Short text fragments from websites

==*==

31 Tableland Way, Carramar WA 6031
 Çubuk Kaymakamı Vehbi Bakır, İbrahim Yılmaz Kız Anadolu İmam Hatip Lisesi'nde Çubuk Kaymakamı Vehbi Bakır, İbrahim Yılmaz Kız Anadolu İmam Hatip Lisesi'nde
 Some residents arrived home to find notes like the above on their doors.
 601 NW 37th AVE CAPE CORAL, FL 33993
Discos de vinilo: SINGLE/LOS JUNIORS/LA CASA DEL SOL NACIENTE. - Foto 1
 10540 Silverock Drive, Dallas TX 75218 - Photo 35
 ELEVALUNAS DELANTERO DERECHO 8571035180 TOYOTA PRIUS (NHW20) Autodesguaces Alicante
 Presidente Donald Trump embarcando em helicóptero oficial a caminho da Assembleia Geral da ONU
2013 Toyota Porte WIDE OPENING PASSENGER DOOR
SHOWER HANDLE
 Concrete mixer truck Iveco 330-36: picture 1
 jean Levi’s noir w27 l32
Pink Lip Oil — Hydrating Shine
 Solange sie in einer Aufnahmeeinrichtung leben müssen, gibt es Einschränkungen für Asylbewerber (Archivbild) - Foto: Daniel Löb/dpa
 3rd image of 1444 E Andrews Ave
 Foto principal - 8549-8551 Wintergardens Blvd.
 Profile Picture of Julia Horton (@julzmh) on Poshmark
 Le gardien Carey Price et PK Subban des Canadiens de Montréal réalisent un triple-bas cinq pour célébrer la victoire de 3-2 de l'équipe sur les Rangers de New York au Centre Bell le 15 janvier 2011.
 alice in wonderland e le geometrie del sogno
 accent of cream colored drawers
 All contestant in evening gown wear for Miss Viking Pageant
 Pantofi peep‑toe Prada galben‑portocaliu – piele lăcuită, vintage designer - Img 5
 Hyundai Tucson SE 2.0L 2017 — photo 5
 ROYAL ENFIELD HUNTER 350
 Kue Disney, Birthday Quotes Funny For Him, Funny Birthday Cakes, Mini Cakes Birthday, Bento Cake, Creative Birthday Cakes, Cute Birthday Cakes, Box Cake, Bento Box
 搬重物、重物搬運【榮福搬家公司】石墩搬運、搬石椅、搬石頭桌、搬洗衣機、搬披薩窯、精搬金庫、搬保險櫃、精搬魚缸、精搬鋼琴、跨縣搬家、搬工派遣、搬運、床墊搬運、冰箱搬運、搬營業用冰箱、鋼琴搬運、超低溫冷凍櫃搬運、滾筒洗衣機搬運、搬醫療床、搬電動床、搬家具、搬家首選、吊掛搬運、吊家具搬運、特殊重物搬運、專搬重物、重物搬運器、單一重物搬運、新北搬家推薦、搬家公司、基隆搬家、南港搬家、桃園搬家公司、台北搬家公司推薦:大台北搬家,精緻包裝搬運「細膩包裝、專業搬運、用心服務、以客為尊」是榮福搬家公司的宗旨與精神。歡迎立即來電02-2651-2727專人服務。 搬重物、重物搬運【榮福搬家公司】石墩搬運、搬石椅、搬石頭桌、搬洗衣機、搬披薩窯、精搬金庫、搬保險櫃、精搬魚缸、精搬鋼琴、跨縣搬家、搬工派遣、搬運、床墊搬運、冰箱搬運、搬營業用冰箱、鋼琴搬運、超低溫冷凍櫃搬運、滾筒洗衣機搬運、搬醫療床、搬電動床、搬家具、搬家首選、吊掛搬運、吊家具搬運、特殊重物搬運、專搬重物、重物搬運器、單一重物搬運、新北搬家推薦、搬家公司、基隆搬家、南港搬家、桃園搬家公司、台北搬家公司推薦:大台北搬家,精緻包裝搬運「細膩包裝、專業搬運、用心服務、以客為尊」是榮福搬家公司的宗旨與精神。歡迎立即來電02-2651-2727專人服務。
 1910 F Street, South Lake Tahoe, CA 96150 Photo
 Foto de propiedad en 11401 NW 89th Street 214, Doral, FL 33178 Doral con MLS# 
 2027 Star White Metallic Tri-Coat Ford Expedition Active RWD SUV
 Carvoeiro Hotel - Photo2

==*==

WHAT THE TASK ASKS:
Repeat all of the entries above exactly.

ANSWER SECTION:
31 Tableland Way, Carramar WA 6031
 Çubuk Kaymakamı Vehbi Bakır, İbrahim Yılmaz Kız Anadolu İmam Hatip Lisesi'nde Çubuk Kaymakamı Vehbi Bakır, İbrahim Yılmaz Kız Anadolu İmam Hatip Lisesi'nde
 Some residents arrived home to find notes like the above on their doors.
 601 NW 37th AVE CAPE CORAL, FL 33993
Discos de vinilo: SINGLE/LOS JUNIORS/LA CASA DEL SOL NACIENTE. - Foto 1
 10540 Silverock Drive, Dallas TX 75218 - Photo 35
 ELEVALUNAS DELANTERO DERECHO 8571035180 TOYOTA PRIUS (NHW20) Autodesguaces Alicante
 Presidente Donald Trump embarcando em helicóptero oficial a caminho da Assembleia Geral da ONU
2013 Toyota Porte WIDE OPENING PASSENGER DOOR
SHOWER HANDLE
 Concrete mixer truck Iveco 330-36: picture 1
 jean Levi’s noir w27 l32
Pink Lip Oil — Hydrating Shine
 Solange sie in einer Aufnahmeeinrichtung leben müssen, gibt es Einschränkungen für Asylbewerber (Archivbild) - Foto: Daniel Löb/dpa
 3rd image of 1444 E Andrews Ave
 Foto principal - 8549-8551 Wintergardens Blvd.
 Profile Picture of Julia Horton (@julzmh) on Poshmark
 Le gardien Carey Price et PK Subban des Canadiens de Montréal réalisent un triple-bas cinq pour célébrer la victoire de 3-2 de l'équipe sur les Rangers de New York au Centre Bell le 15 janvier 2011.
 alice in wonderland e le geometrie del sogno
 accent of cream colored drawers
 All contestant in evening gown wear for Miss Viking Pageant
 Pantofi peep‑toe Prada galben‑portocaliu – piele lăcuită, vintage designer - Img 5
 Hyundai Tucson SE 2.0L 2017 — photo 5
 ROYAL ENFIELD HUNTER 350
 Kue Disney, Birthday Quotes Funny For Him, Funny Birthday Cakes, Mini Cakes Birthday, Bento Cake, Creative Birthday Cakes, Cute Birthday Cakes, Box Cake, Bento Box
 搬重物、重物搬運【榮福搬家公司】石墩搬運、搬石椅、搬石頭桌、搬洗衣機、搬披薩窯、精搬金庫、搬保險櫃、精搬魚缸、精搬鋼琴、跨縣搬家、搬工派遣、搬運、床墊搬運、冰箱搬運、搬營業用冰箱、鋼琴搬運、超低溫冷凍櫃搬運、滾筒洗衣機搬運、搬醫療床、搬電動床、搬家具、搬家首選、吊掛搬運、吊家具搬運、特殊重物搬運、專搬重物、重物搬運器、單一重物搬運、新北搬家推薦、搬家公司、基隆搬家、南港搬家、桃園搬家公司、台北搬家公司推薦:大台北搬家,精緻包裝搬運「細膩包裝、專業搬運、用心服務、以客為尊」是榮福搬家公司的宗旨與精神。歡迎立即來電02-2651-2727專人服務。 搬重物、重物搬運【榮福搬家公司】石墩搬運、搬石椅、搬石頭桌、搬洗衣機、搬披薩窯、精搬金庫、搬保險櫃、精搬魚缸、精搬鋼琴、跨縣搬家、搬工派遣、搬運、床墊搬運、冰箱搬運、搬營業用冰箱、鋼琴搬運、超低溫冷凍櫃搬運、滾筒洗衣機搬運、搬醫療床、搬電動床、搬家具、搬家首選、吊掛搬運、吊家具搬運、特殊重物搬運、專搬重物、重物搬運器、單一重物搬運、新北搬家推薦、搬家公司、基隆搬家、南港搬家、桃園搬家公司、台北搬家公司推薦:大台北搬家,精緻包裝搬運「細膩包裝、專業搬運、用心服務、以客為尊」是榮福搬家公司的宗旨與精神。歡迎立即來電02-2651-2727專人服務。
 1910 F Street, South Lake Tahoe, CA 96150 Photo
 Foto de propiedad en 11401 NW 89th Street 214, Doral, FL 33178 Doral con MLS# 
 2027 Star White Metallic Tri-Coat Ford Expedition Active RWD SUV
 Carvoeiro Hotel - Photo2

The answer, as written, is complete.